[Data below]:
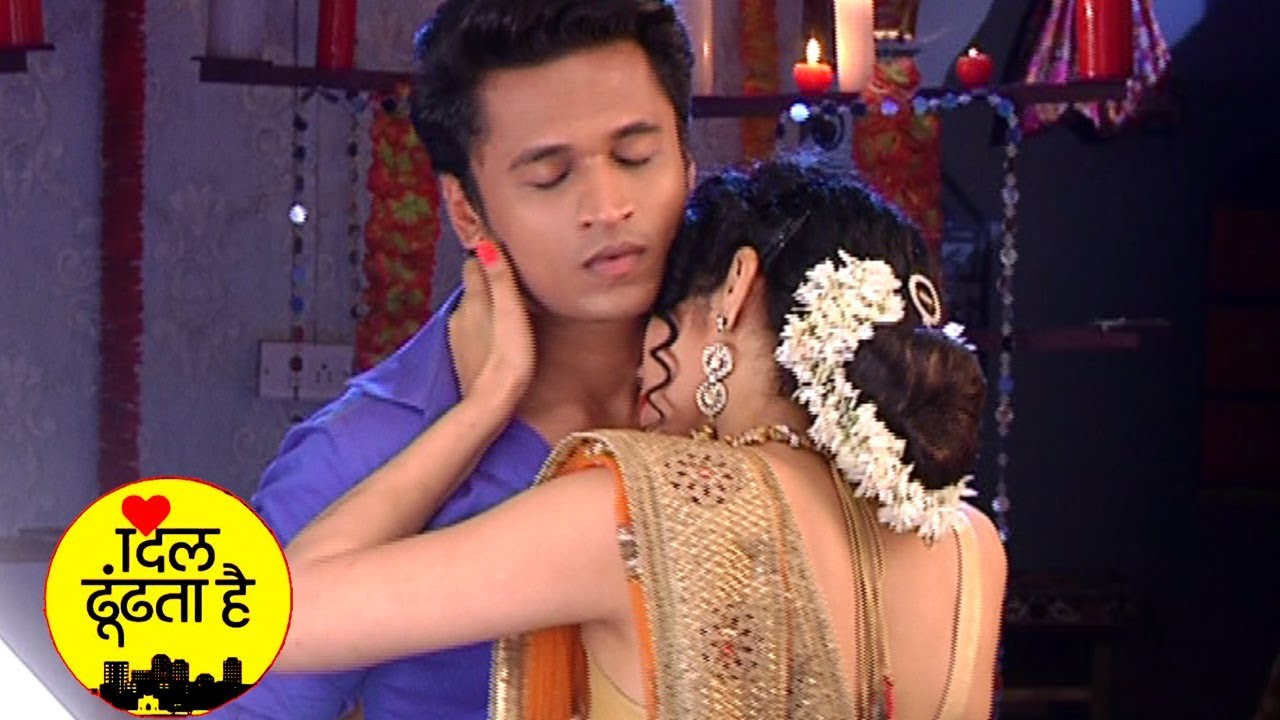 Dil Dhoondta Hai - 17th December 2017 | Zee Tv Serials 2017 | latest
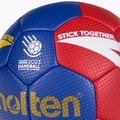 Molten handbal H2X3350-M3Z mărimea 2 3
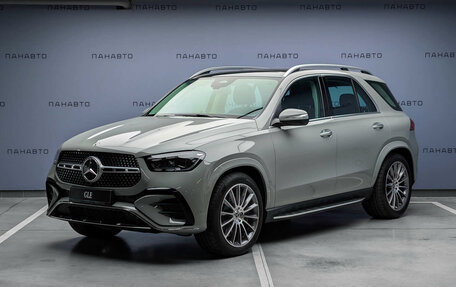 Mercedes-Benz GLE, 2025 год, 15 800 000 рублей, 1 фотография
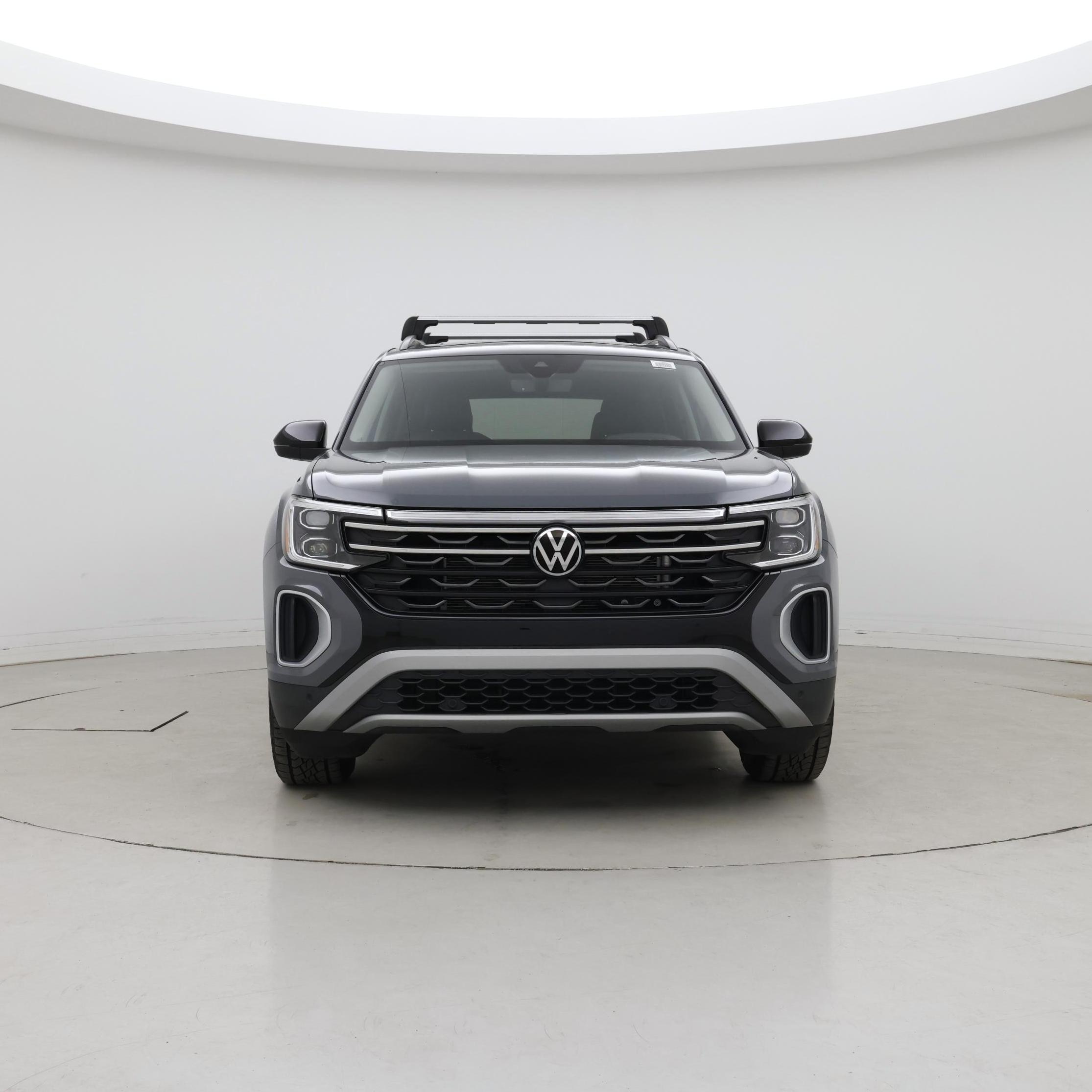 Thumbnail: 2024 Volkswagen Atlas - 5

[How to complete this task]:
Give the material again exactly as it is, but keep the pictures out.

[Reply]:
 Dil Dhoondta Hai - 17th December 2017 | Zee Tv Serials 2017 | latest
 Molten handbal H2X3350-M3Z mărimea 2 3
 Mercedes-Benz GLE, 2025 год, 15 800 000 рублей, 1 фотография
 Thumbnail: 2024 Volkswagen Atlas - 5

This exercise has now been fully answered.